Is a Jordan block not further block diagonalizable? We can always find a Jordan canonical form of a matrix A. It is a block diagonal matrix. Is it true that each block cannot be reduced to a matrix with more blocks in diagonal? In other words, for a given linear operator T, is it true that "each T-invariant subspace corresponding to a Jordan block cannot be decomposed into a direct sum of T-invariant proper subspaces of it" ?
 A: 
is it true that "each T-invariant subspace corresponding to a Jordan block cannot be decomposed into a direct sum of T-invariant proper subspaces of it" ?

Yes.  In fact this holds more generally for the decomposition of a finite-dimensional vector space (over an arbitrary field) under the action of a linear endomorphism into cyclic primary subspaces: see these notes on invariant subspaces, especially Theorem 5.2.  A Jordan block is precisely a cyclic primary subspace for a polynomial of the form $(t-\alpha)^d$.  But in general a subspace which is cyclic -- i.e., is spanned by the $T$-orbit of a single vector -- and primary -- i.e., the minimal polynomial is a power of a prime polynomial $p(t)^d$ is indecomposable: it cannot be written as a direct sum of nonzero $T$-invariant subspaces.  One way to see this is to observe that since the minimal polynomial of $V_1 \oplus V_2$ is the lcm of the minimal polynomials of $V_1$ and $V_2$, if $V$ has minimal polynomial $p(t)^d$, then at least one of $V_1$ and $V_2$ must have minimal polynomial $p(t)^d$, contradicting uniqueness of primary decmposition.
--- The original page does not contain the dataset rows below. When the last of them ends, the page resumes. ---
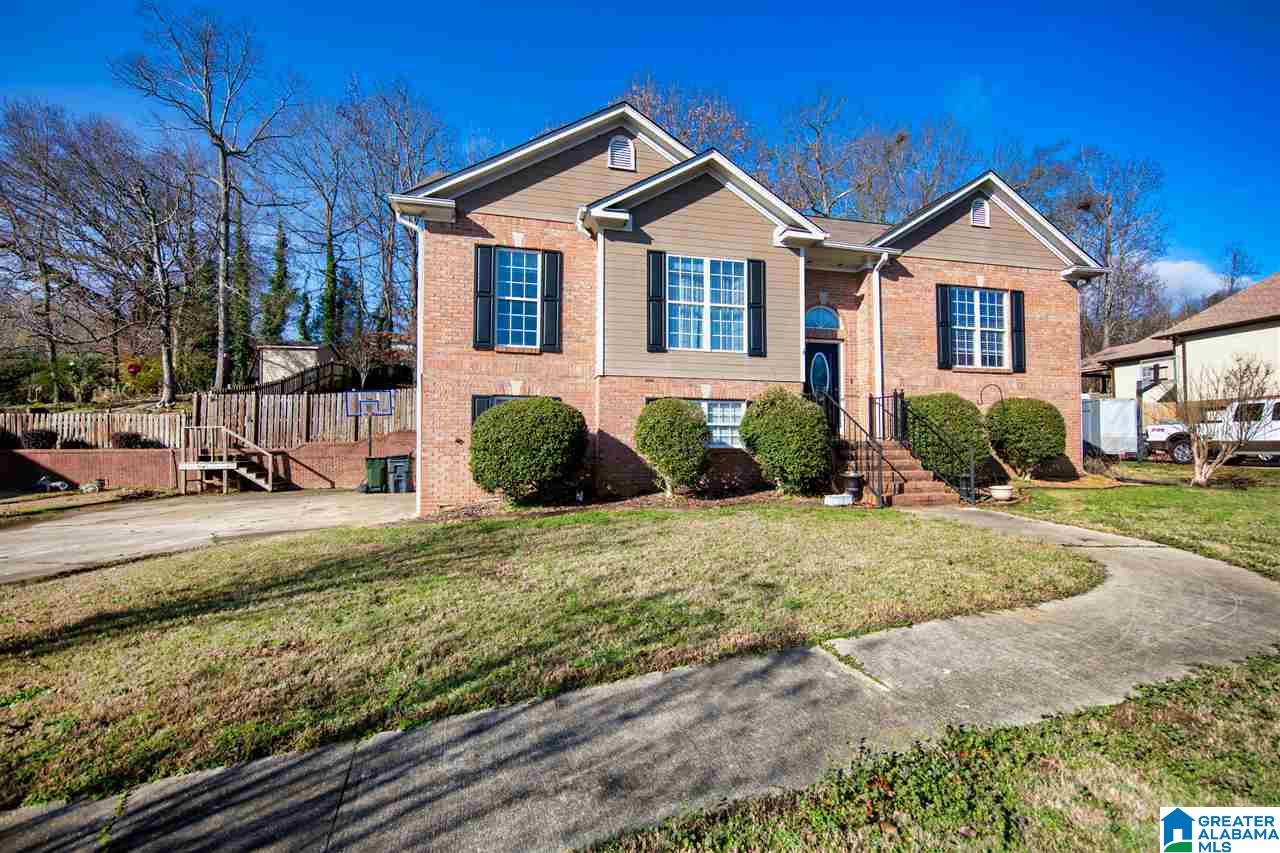 119 Heather Ridge Drive Pelham, AL 35124 - Photo 3 of 37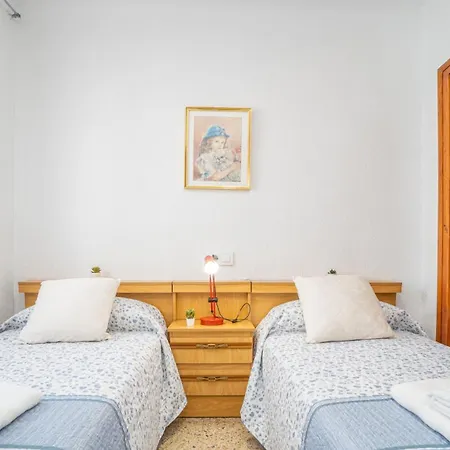 Basic Comfort Poeta Marquina 1º 2025 Apartamento *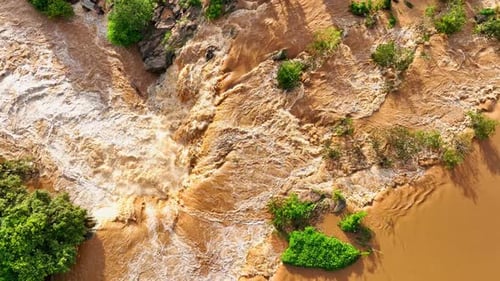 Vue aérienne : Inondation massive en cascade.
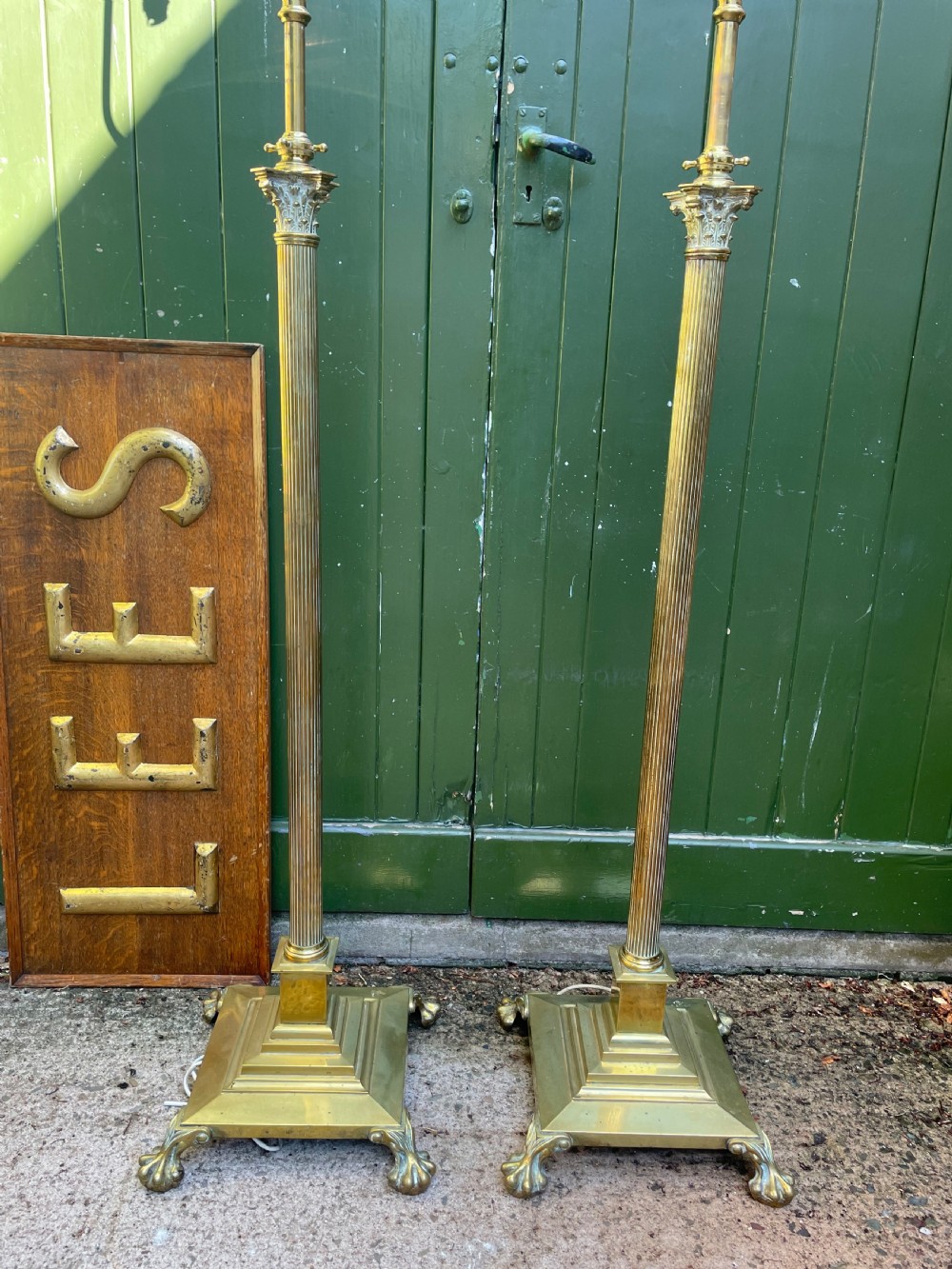 Scarce pair of high quality late C19th/ early C20th brass neo-classical style corinthian column telescopic standard lamps. View IX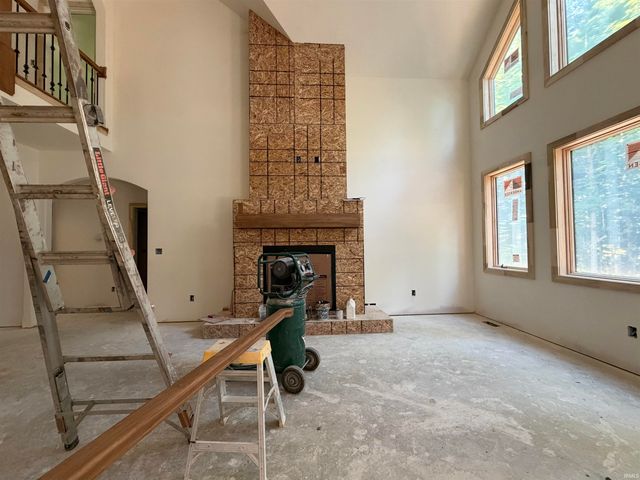 8121 Rothman Road, Fort Wayne, IN 46835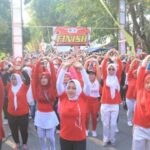 Semarak Peringatan Kemerdekaan RI, Bupati Mojokerto Senam Dan Jalan Sehat Bersama Warga Desa Watesumpak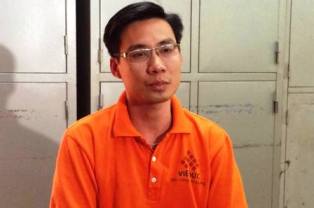 Vào nghĩa trang đập phá bát hương vì vợ đòi ly hôn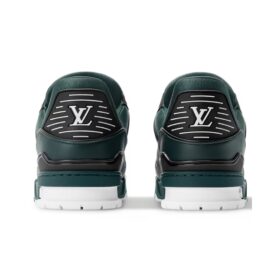 Trainer Dunkelgrün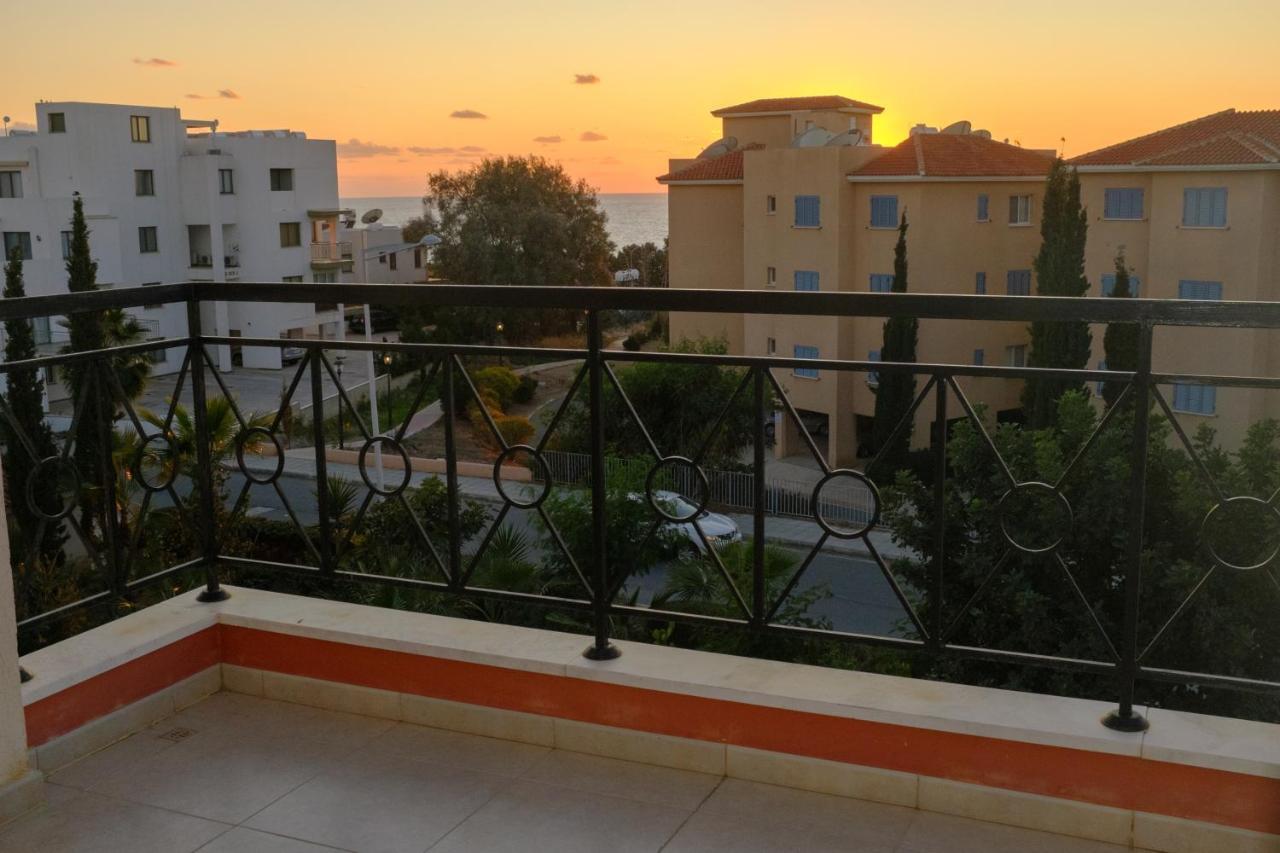 Ifestos Kings Resort Appartment Paphos Esterno foto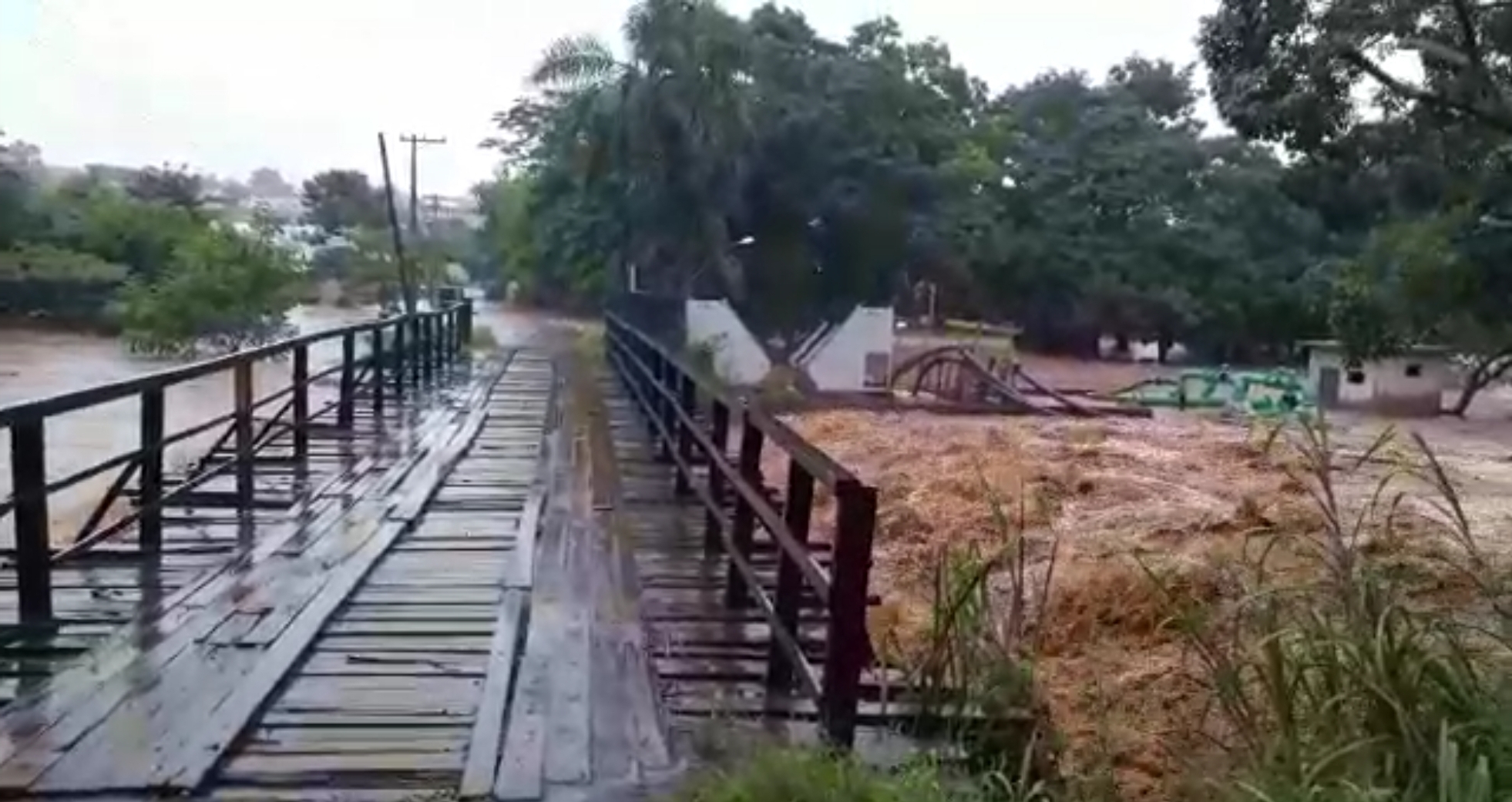 RIO JAHU CHEGA AO NÍVEL DA PONTE ENTRE PAINEIRAS E AMADEU BOTELHO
Alternately, and maybe preferably, Theorem 3.2 of loc. cit. gives a complete description of all the invariant subspaces of any cyclic space $V$.  From this description one sees that if (and only if!) the minimal polynomial of $V$ is a prime power, these invariant subspaces form a chain (i.e., are simply ordered under inclusion), and this certainly implies indecomposability.